IN PRACTICE | This article is part of a series of posts sharing examples of how AppNeta users have leveraged the service to solve performance problems.
Transient issues can be a huge problem on large network infrastructures. Not only are they hard to catch, but it is even harder to isolate root cause. A large US telecommunications customer continuously monitors the VoIP performance of their 200+ call centers distributed around the US to look for these type of issues. When six call centers experienced intermittent outages using their Avaya voice system, the Director of Voice Technology used the AppNeta Performance Manager to quickly pinpoint the cause. In this post we’ll take a look at his workflow to isolate these ghost issues.
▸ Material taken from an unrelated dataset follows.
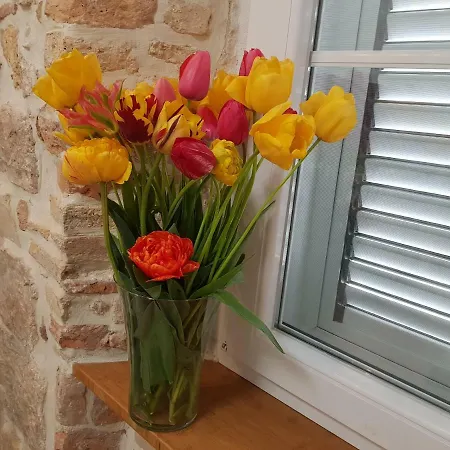 Studio Sunset 아파트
This is exactly why we bought this product, it took us 45 minutes to fix this issue that would have probably taken 2 hours without it. We would have had to open a ticket with Avaya and wait for their response, but we didn’t have to do that because of AppNeta.
-Director, Voice Technology
It’s important to remember that it is far more difficult to isolate these types of issues if you don’t have some sort of continuous monitoring in place. The Director we spoke with has been using AppNeta for a while, and a big reason he was able to investigate this issue so quickly is the forethought he put into setting up his AppNeta deployment to monitor the exact routes his VoIP traffic takes through the production environment.
In order to avoid a single point of failure, the voice system for groups of call centers has network connectivity provided by a pair of load balanced data switches. This was set up so that if any one particular switch goes down, it would only impact half the call centers in the group.
Two AppNeta Monitoring Points (both with dual LAN interfaces) are racked in the datacenter and connect to the voice system’s A and B switches. Each of the call centers also has a monitoring point which enables continuous monitoring of the inbound and outbound routes that production traffic takes through each data switch, between the call center and the VoIP server. Depending on which port a particular path is targeting within the AppNeta Performance Manager, the voice team can quickly identify which of the load balanced switches is monitored.
How AppNeta Helped Troubleshoot
AppNeta can be configured to proactively alert if a path’s network performance degrades or the path loses connectivity to the target.
Since his paths are grouped within the AppNeta Performance Manager by the relevant VoIP switch, it was easy to quickly see that a group of six call centers had lost connectivity to the voice server:
Clear naming conventions quickly indicated that the paths all went through the same data switch:
Reviewing the route analysis for each of the disconnected paths confirms they all traverse the same data switch and provides the hostname and IP address:
Reduced Time to Resolution
This customer’s voice and data networks are supported by different internal groups that do not share visibility into infrastructure.
The voice network team opened a ticket with the data network team for further investigation into the impacted data switch. When the data network team looked at the switch, they didn’t see any errors or port issues. Prior to AppNeta monitoring data, the data network team would typically instruct the voice team to open a ticket with Avaya, believing the issue must be with the VoIP infrastructure. This would involve a lengthy back and forth process between the voice team, Avaya and the network team.
AppNeta was able to significantly improve time to resolution as it empowered the voice team with route history from the perspective of the AppNeta monitoring point behind the data switch. Armed with this data, the data team was convinced to restart the data switch, which resolved the problem!
The voice team still doesn’t know what the underlying cause of the data switch failure was, but an issue that would usually take two or more hours of back and forth between the teams was fixed in under 45 minutes. Having visibility into the data network “negates a lot of the finger pointing because we have more of the actual data to work with.”
Not every troubleshooting story is going to end with infrastructure-changing revelations, but at big enterprises sometimes knowing what isn’t at fault can be as important as knowing what is.